Fortune, 28 May 2024

The shares are expected to list on a modest valuation but since I have not seen the prospectus there may be a reason for that. They look like an interesting punt in opening dealings. For reasons I don’t fully understand most of the customers are female. There seems to be ample scope to broaden the brand’s reach and the name is perfect.

This shabby chic thing is brilliant; how rich people love spending a fortune pretending to be poor but with huge logos so those in the know realise that the battered look is expensive. How about a distressed look for Rolls-Royce cars, Rolex watches, and wedding dresses – the potential is endless. The more rubbish it looks the more it costs.

I realise that with my barn in Saffron Walden, I need to refurbish the inside, obviously with distressed paint looks and battered furniture and leave the crumbling outside as it is – proof that I must be a zillionaire. Now I know why my reclaimed York Stone costs so much; I am right in there with the zeitgeist – all those different shapes and shades create magic.

Share Recommendations

Wisdomtree Nasdaq 100 3X. QQQ3. Buy @ $180 (most likely higher when Monday dealings begin)

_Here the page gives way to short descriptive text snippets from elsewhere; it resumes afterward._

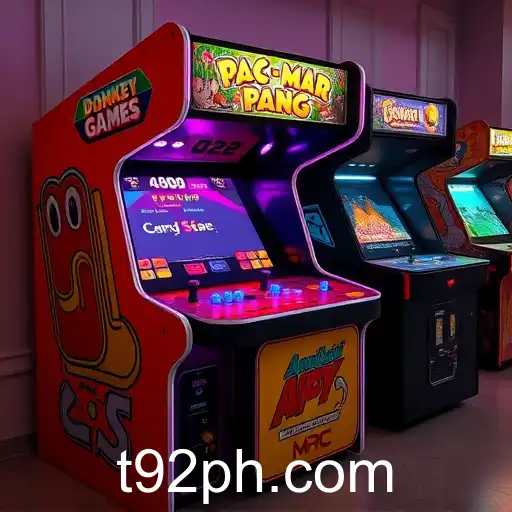 Exploring the Thrilling World of Arcade Games: The Nostalgic Charm and Modern Evolution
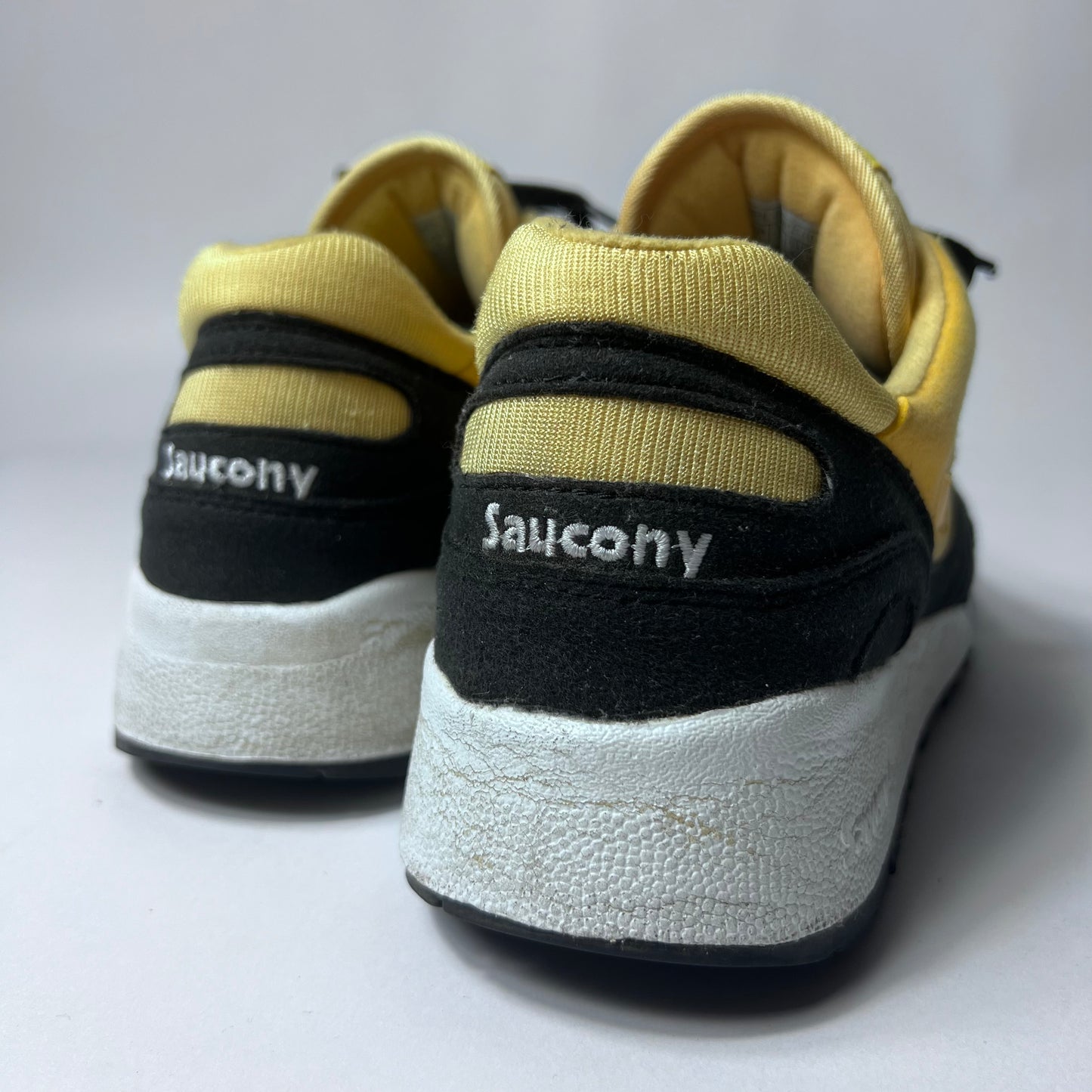 Saucony Shadow 6000 'Betta Pack' Gelb S70007-70 Größe 42,5 - Cats on Stacks VNTG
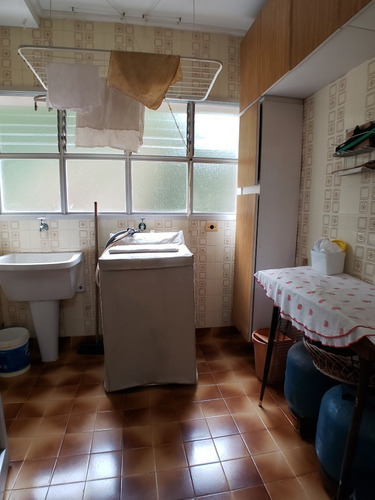 Imagem 14 de 16 de Apartamentos Dispondo De 125m² , 4 Dormitórios Sendo 2 Suítes, Sala Com Sacada E Vista Para O Mar, 2 Vaga De Garagem, Lazer (piscina E Churrasqueira) - Ap05402 - 68649819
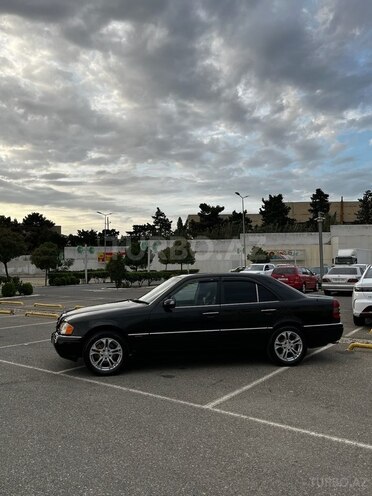 Mercedes C 220 1995, 450,000 km - 2.2 l - Bakı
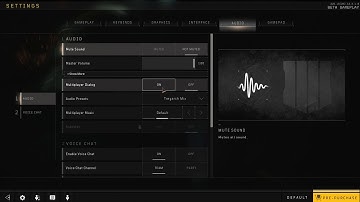 How to Enable Multiplayer Dialog in Black Ops 4
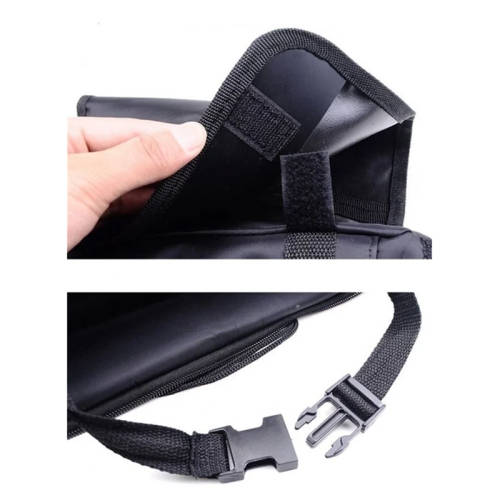 Multi-Pocket Car Back Chair Seat Cooler Bag Storage Organizer Bag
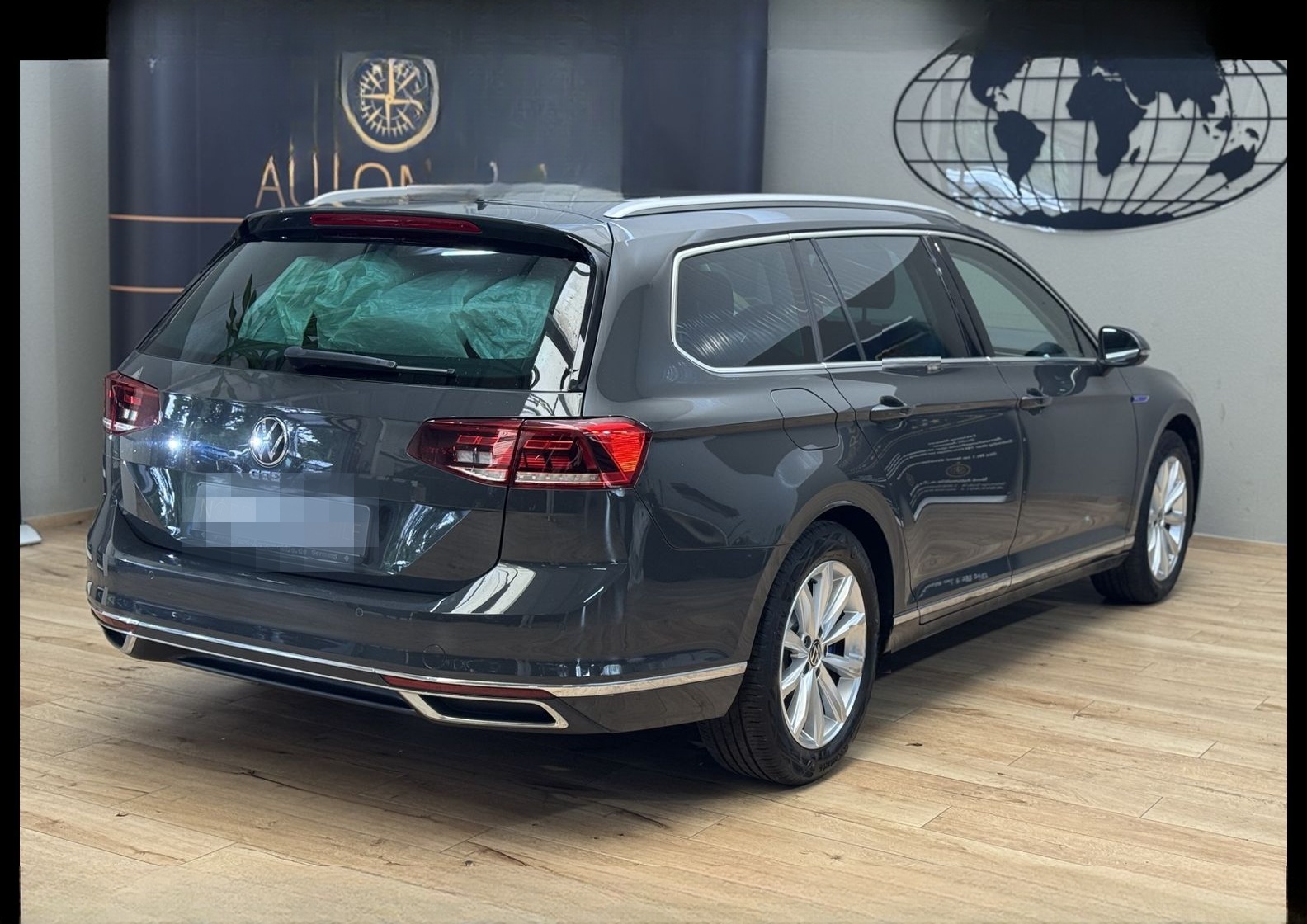 Volkswagen Passat Variant GTE 1.4 TSI eHybrid DSG Kamera foto 9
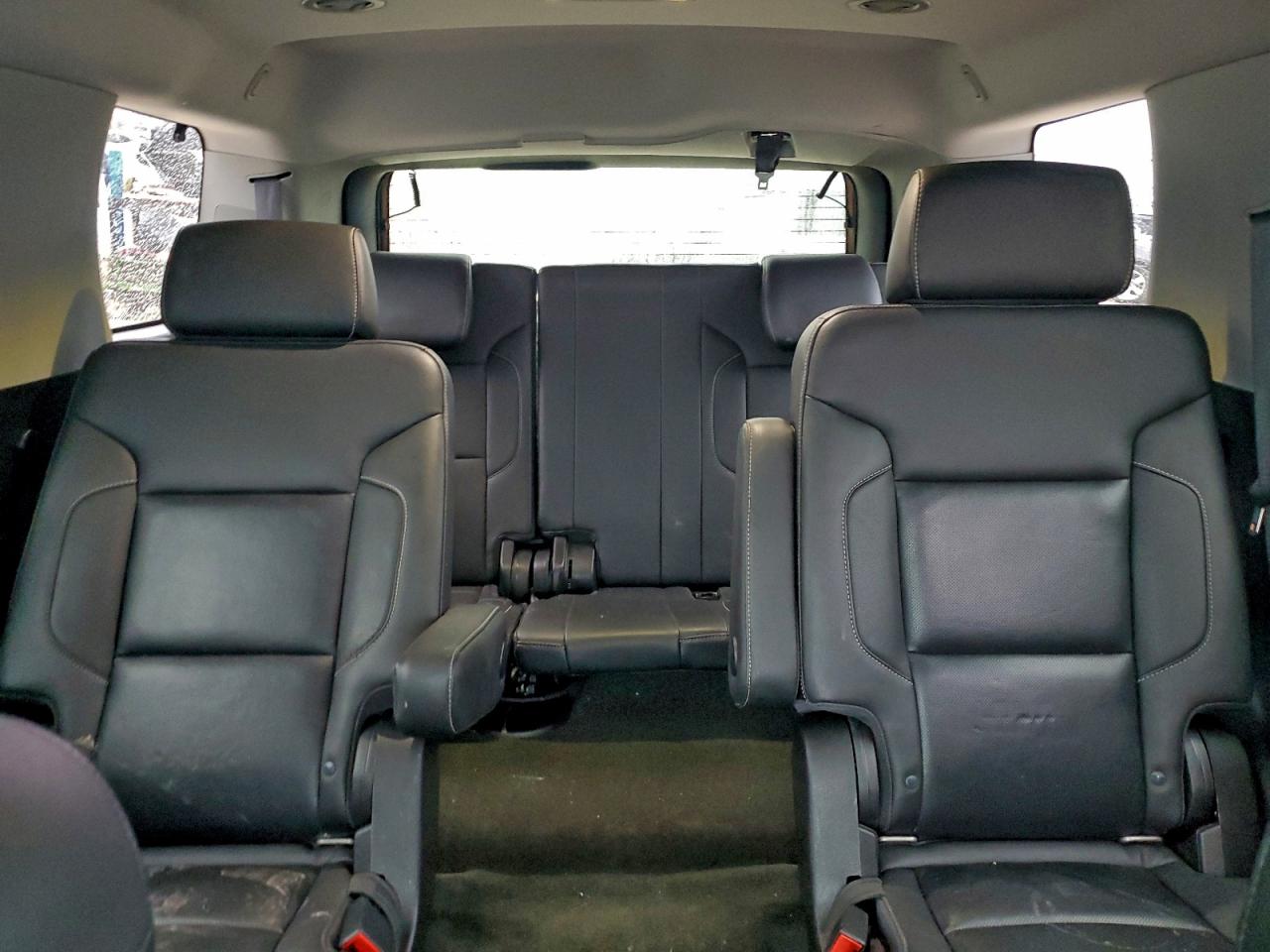 2017 CHEVROLET TAHOE K1500 PREMIER photo 10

Abercrombie & Fitch. ANF. Buy @ $172

Dick’s Sporting Goods DKS. Buy @ $227

Decker’s Outdoor. DECK. Buy @ $1093

Golden Goose Buy in opening dealings (some time in June)

Nvidia Quotes to Treasure

I found some amazing quotes on Yahoo Chat Forums.

In 1890, Standard Oil [which made John D. Rockerfeller the world’s richest man and arguably, in real terms, the richest man ever] controlled 88pc of the refined oil flows in the United States.

In 2023, Nvidia continued to dominate the market with an estimated 86pc market share.

JeffG, 24 March 2024

Just a reminder and because it is one of my favorite JENSEN [CEO and co-founder of Nvidia] statements, he recently said, “Even if our competitors gave away their chips for FREE, NVIDIA would still be a much better solution for our customers”. For someone that rarely uses hyperbole that is a truly amazing statement.

Brad111, 10 April 2024

Also, some general wisdom appeals to me.

I retired from Wall Street at 32. Have made a living buying stocks for the last 34 years. There are two rules I never break. First never try and catch a falling knife. If I am going to play that value strategy I always wait till it has traded up at least 10pc from it’s bottom.

The second lesson that was much more important I learned from Ken Hebner. He said “I’ve made a lot more money buying stocks that have just doubled than buying stocks that have fallen in half.”

Never sell a position making new highs.